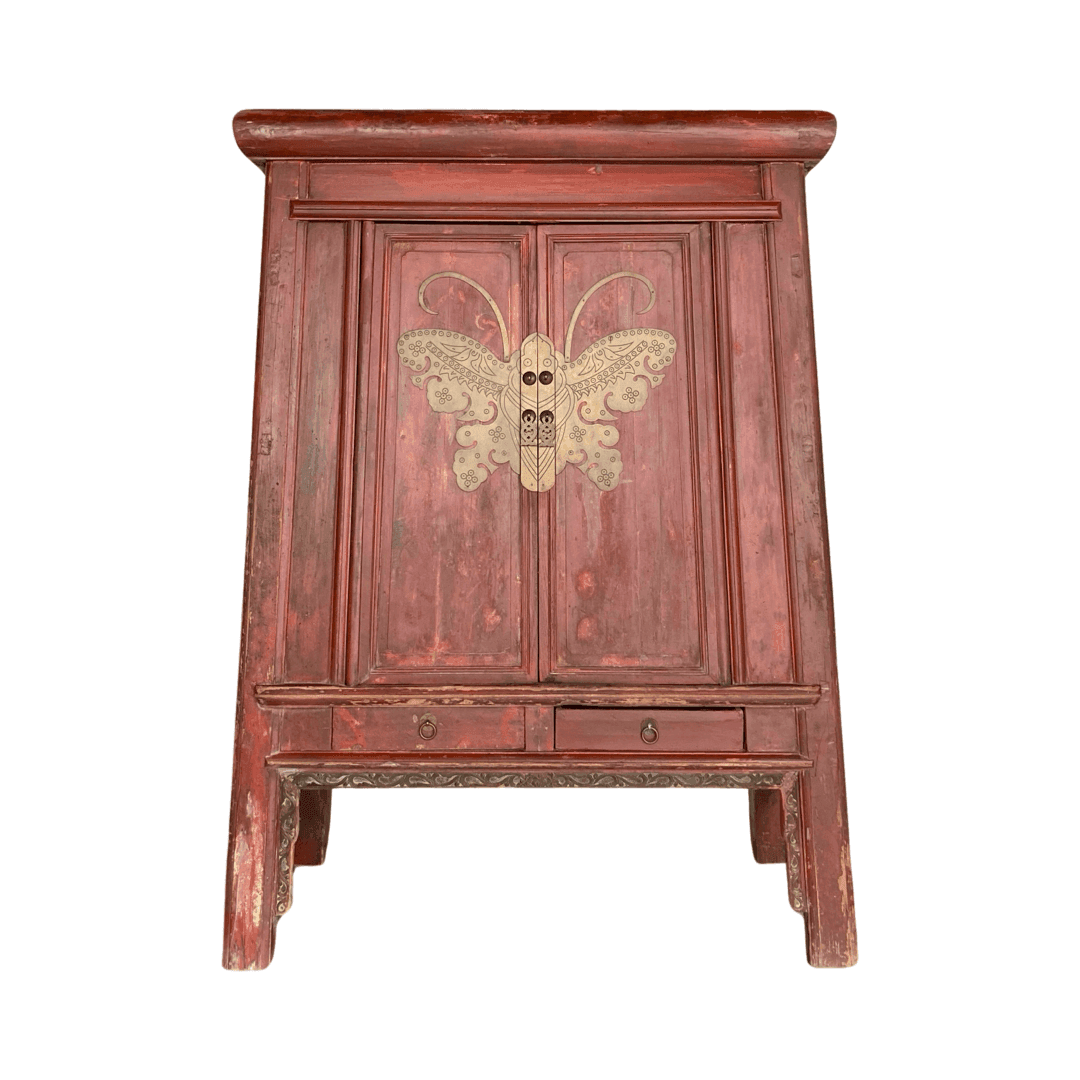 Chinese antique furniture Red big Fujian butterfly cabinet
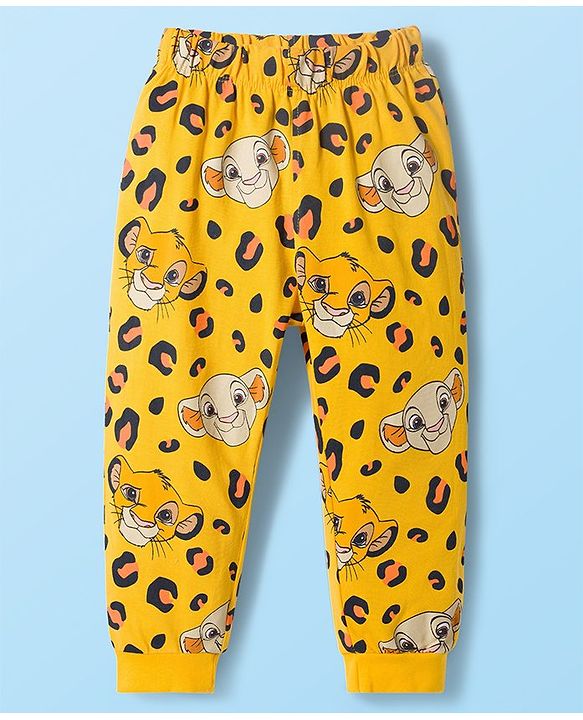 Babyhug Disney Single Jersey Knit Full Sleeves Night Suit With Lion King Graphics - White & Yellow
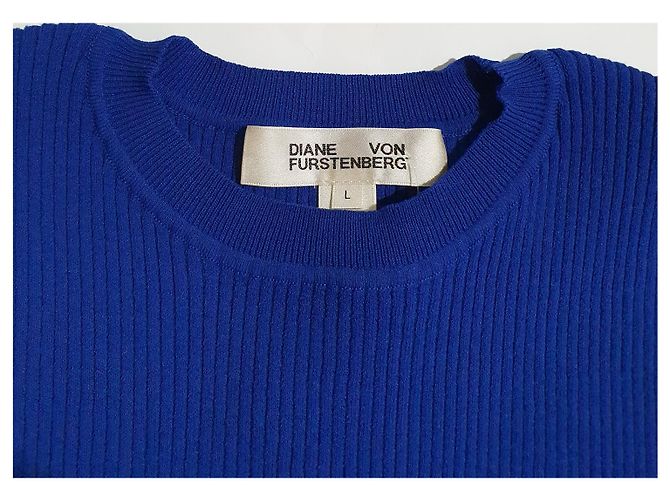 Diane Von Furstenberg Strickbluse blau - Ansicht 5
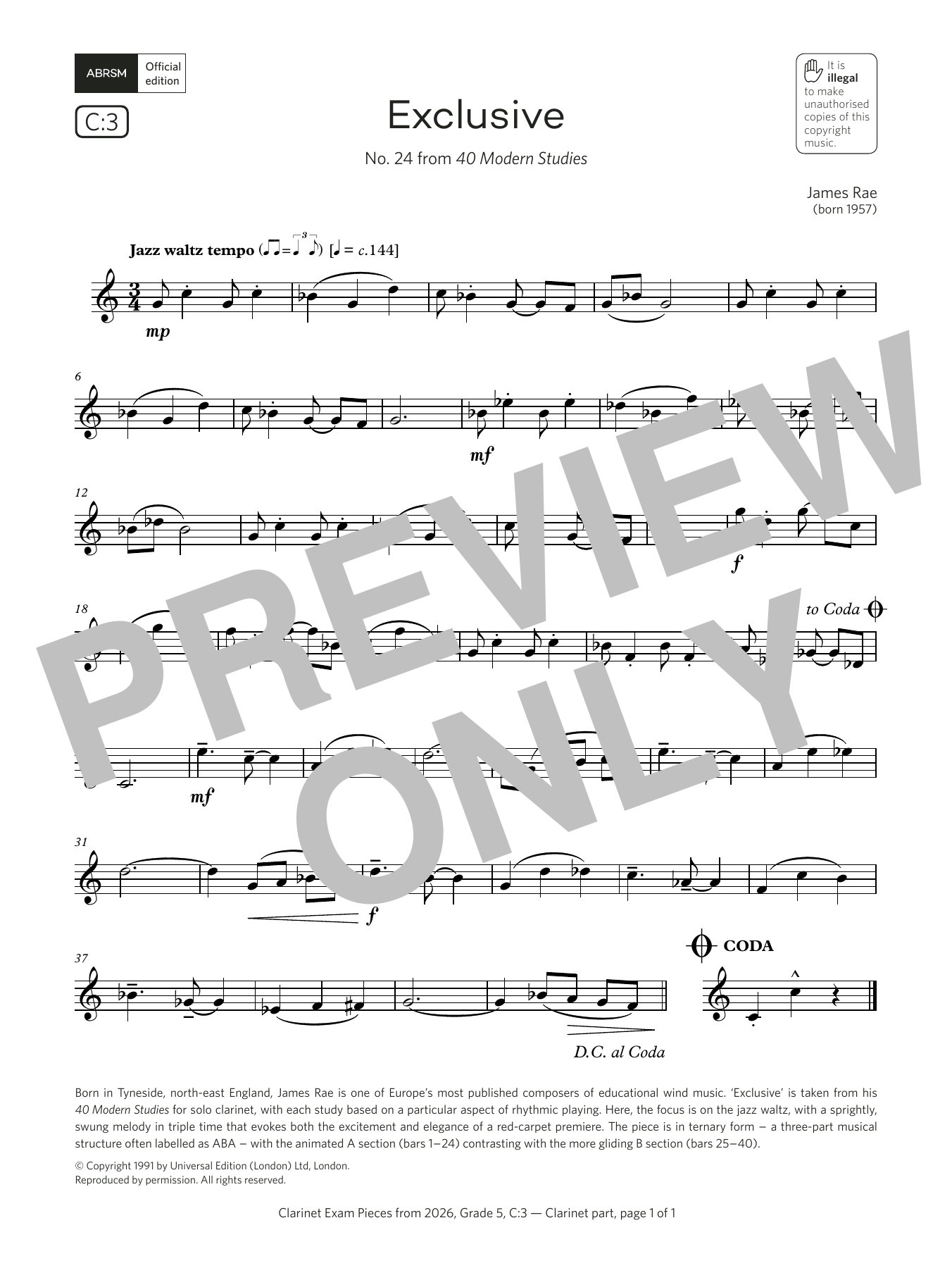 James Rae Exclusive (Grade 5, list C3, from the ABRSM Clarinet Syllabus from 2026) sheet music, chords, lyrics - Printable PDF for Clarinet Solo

══════

» Work order: Set down again, exactly, the lines of the material above from its first line to the one with "Diane Von Furstenberg", inclusive. Leave the pictures out.

» Output for this task:
 Chinese antique furniture Red big Fujian butterfly cabinet
 Babyhug Disney Single Jersey Knit Full Sleeves Night Suit With Lion King Graphics - White & Yellow
 Diane Von Furstenberg Strickbluse blau - Ansicht 5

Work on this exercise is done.